Timeliner
- First edition
- Author: Charles Eric Maine
- Language: English
- Genre: Science fiction
- Publisher: Hodder & Stoughton
- Publication date: 1955
- Publication place: United Kingdom
- Media type: Print (Hardcover)
- Pages: 192 pp

= Timeliner =

1955 novel by Charles Eric Maine

Timeliner is a 1955 science fiction novel by British writer Charles Eric Maine. It was first published in the UK by Hodder & Stoughton; a paperback version by Bantam Books appeared the following year.

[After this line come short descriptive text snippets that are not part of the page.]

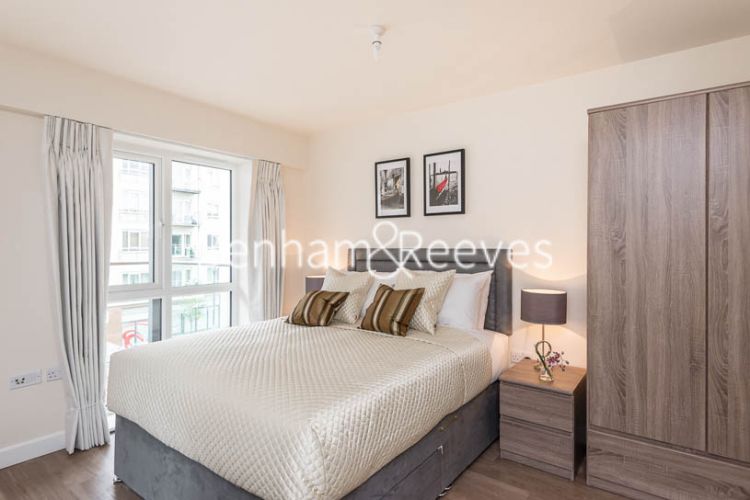 1 bedroom flat to rent in Boulevard Drive, Colindale, NW9-image 3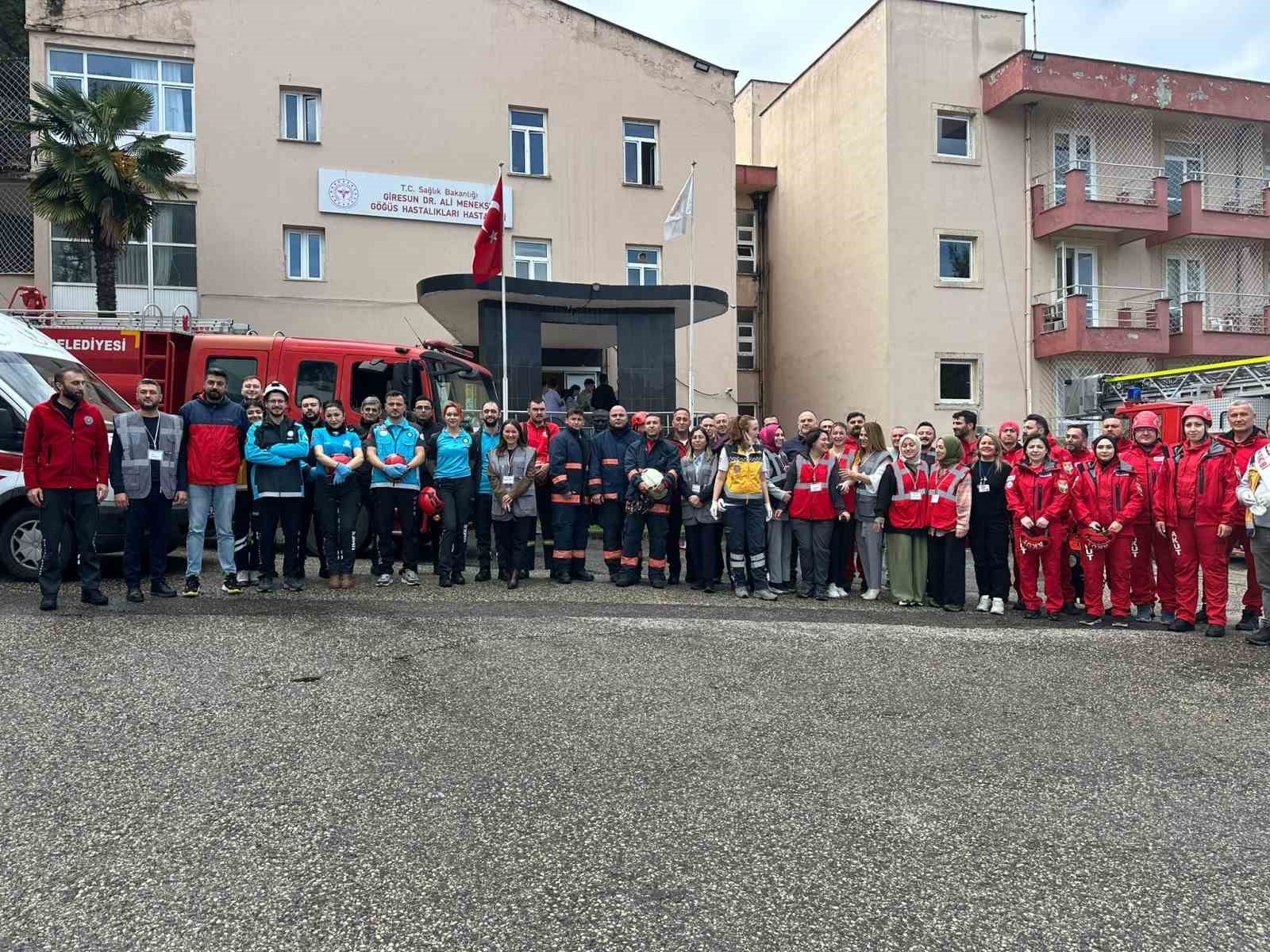 Giresun’da hastanede gerçeği aratmayan tatbikat
?v=1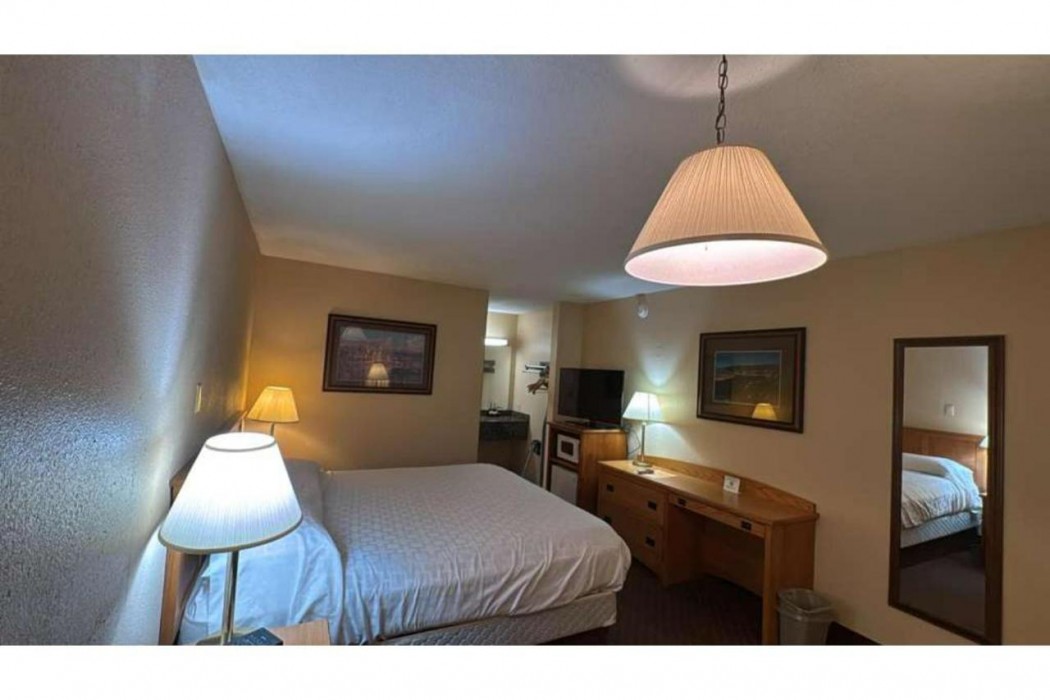 Sundowner Inn Forsyth I 94 20/62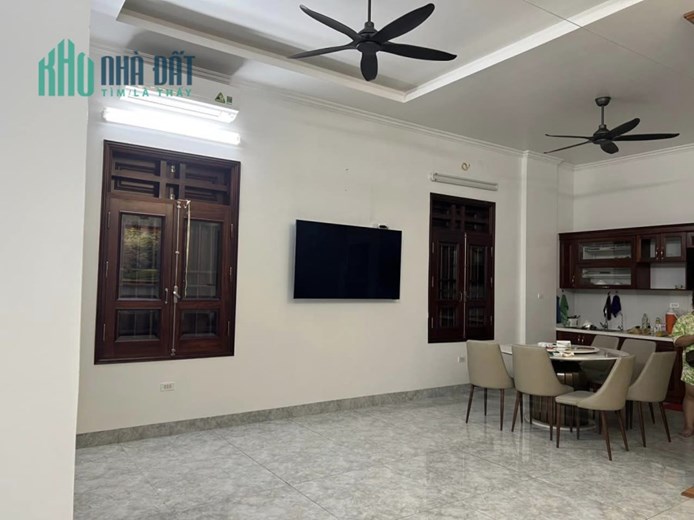 Cho thuê BT phố Đội Nhân ,105m2 x 4 tầng, giá 30tr
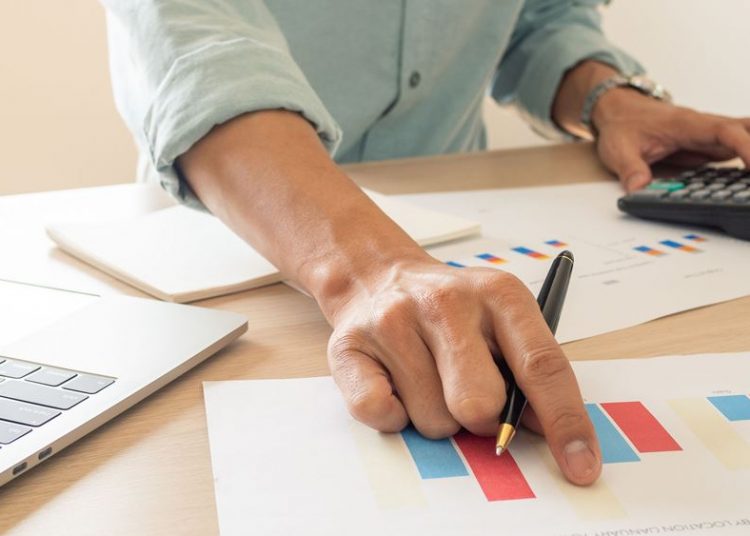 Ενοίκια: Ποιοι δικαιούνται μείωση 40%, ποιοι 100% και ποιοι θα πληρώσουν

The story was originally written as a radio play called The Einstein Highway and was broadcast on the Light Programme of the BBC on 21 February 1954.

==Synopsis==
Timeliner is a time travel story. A scientist working with "dimensional quadrature" is flung forward in time, to a period where his consciousness ousts that of another man. When that man dies, the protagonist leaps forward again, and so on. In each case, the personality he replaces belongs to a person who is close to a woman who resembles his wife.

==Critical reception==
Damon Knight wrote of the novel:

Timeliner, by Charles Eric Maine, is that sort of amateur flight of fancy that takes leave of its premises, and its senses, in the second chapter. Almost anything can then happen except the unexpected.

Groff Conklin, reviewing the novel in Galaxy, dismissed it as "without doubt one of the most inconsequential science fiction novels ever written." Anthony Boucher dismissed Timeliner as an example of "mere cliche-museums". P. Schuyler Miller more charitably noted that the novel "doesn't quite meet current standards."